Print out the data below with every line intact.
Segment Start: Given material
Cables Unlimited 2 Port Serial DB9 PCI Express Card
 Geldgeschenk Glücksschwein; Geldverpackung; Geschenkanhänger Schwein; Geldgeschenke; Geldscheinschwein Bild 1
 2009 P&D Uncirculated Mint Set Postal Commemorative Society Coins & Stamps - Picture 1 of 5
Segment End: Given material
■ Output for this task
Cables Unlimited 2 Port Serial DB9 PCI Express Card
 Geldgeschenk Glücksschwein; Geldverpackung; Geschenkanhänger Schwein; Geldgeschenke; Geldscheinschwein Bild 1
 2009 P&D Uncirculated Mint Set Postal Commemorative Society Coins & Stamps - Picture 1 of 5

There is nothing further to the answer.